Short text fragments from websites
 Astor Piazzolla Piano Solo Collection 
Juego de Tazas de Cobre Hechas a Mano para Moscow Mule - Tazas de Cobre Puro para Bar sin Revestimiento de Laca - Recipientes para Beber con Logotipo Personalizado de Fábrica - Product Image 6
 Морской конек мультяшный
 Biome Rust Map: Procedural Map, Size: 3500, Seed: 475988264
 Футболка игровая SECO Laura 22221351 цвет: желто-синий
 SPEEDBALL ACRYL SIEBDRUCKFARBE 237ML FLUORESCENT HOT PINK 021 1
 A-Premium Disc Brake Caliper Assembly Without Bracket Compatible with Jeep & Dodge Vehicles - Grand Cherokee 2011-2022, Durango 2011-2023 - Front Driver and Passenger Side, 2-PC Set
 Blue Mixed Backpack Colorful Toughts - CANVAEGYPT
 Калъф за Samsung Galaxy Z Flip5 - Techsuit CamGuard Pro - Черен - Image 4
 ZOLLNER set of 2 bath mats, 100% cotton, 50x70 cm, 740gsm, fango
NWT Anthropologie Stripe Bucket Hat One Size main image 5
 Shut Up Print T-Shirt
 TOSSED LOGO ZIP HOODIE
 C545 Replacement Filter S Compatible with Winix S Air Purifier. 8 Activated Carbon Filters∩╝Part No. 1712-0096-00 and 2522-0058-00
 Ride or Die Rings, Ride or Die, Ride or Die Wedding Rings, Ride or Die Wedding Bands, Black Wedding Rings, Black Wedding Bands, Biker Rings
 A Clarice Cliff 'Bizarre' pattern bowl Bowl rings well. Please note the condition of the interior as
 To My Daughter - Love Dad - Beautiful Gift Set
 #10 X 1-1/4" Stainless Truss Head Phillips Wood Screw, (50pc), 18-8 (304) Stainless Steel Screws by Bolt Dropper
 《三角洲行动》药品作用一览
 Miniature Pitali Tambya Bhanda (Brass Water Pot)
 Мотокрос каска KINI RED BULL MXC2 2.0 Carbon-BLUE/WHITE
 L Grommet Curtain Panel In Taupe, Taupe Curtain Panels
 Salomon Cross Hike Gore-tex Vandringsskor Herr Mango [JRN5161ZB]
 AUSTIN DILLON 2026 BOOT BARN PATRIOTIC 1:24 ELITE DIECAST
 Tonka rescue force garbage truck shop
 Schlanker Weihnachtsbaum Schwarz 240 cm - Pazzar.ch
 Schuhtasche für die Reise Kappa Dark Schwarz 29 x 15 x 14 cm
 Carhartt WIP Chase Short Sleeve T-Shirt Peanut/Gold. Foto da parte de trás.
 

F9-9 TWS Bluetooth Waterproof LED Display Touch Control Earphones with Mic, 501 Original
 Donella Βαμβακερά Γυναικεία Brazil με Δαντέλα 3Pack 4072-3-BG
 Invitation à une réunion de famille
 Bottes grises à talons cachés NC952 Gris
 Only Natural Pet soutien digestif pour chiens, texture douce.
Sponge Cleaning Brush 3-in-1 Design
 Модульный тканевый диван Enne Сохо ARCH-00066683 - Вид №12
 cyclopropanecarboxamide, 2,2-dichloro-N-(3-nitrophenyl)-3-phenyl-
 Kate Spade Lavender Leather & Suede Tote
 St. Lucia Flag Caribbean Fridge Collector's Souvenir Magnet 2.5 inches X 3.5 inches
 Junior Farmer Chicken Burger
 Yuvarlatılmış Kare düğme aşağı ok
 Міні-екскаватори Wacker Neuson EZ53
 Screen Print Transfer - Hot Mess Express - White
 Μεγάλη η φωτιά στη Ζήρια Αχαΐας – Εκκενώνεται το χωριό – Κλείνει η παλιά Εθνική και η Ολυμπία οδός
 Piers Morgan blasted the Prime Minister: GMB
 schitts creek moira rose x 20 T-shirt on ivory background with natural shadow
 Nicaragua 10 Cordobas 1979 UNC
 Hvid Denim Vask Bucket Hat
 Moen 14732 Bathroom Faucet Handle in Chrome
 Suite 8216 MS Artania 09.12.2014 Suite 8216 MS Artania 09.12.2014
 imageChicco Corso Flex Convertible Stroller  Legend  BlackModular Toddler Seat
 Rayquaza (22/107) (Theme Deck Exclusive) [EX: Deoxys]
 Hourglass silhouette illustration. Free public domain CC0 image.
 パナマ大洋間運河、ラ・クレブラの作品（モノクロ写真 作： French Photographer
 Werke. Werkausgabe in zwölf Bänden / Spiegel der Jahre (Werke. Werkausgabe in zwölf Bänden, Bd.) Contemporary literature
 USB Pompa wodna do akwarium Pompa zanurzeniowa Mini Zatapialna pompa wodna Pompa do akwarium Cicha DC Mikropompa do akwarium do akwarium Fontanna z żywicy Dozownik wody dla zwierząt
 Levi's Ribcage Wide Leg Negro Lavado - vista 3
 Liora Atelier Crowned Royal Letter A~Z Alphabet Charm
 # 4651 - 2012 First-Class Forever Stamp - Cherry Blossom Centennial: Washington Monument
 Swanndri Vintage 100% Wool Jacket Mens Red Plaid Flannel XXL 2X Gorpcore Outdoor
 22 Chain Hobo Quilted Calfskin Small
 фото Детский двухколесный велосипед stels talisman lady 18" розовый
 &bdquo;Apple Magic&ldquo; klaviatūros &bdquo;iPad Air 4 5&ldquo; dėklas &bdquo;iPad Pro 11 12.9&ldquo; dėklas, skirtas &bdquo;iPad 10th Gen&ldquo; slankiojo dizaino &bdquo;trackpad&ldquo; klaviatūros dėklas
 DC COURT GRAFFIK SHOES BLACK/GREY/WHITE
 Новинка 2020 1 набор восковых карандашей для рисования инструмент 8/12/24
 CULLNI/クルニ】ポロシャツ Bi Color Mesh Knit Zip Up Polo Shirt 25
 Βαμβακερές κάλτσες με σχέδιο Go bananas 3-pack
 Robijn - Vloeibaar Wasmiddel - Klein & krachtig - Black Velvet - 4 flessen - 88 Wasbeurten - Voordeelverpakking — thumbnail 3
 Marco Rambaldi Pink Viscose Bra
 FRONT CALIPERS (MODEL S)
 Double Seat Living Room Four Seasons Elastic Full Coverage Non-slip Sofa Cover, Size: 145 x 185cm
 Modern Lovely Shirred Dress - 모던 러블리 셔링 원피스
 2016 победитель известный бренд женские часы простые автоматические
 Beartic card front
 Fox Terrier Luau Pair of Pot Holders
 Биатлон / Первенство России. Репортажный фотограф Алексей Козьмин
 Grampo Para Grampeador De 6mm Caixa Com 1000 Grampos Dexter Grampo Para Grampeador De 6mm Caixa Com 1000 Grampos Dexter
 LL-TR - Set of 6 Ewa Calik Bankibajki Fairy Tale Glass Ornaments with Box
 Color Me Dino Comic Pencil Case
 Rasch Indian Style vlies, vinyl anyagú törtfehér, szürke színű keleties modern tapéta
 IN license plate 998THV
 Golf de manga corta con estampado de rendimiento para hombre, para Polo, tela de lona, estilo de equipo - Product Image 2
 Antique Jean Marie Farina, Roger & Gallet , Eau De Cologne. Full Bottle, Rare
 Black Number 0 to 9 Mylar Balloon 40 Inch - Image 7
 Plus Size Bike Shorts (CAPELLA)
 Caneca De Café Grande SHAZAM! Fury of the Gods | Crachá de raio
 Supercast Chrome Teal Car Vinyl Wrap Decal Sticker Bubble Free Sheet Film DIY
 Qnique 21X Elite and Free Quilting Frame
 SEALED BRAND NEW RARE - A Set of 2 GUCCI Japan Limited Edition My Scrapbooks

* **YOUR GOAL**:
Please give an exact copy of the entries above, from the line with "ZOLLNER set of" down to the line with "TOSSED LOGO ZIP HOODIE", inclusive, and nothing else.

* **SOLUTION TO THIS EXERCISE**:
 ZOLLNER set of 2 bath mats, 100% cotton, 50x70 cm, 740gsm, fango
NWT Anthropologie Stripe Bucket Hat One Size main image 5
 Shut Up Print T-Shirt
 TOSSED LOGO ZIP HOODIE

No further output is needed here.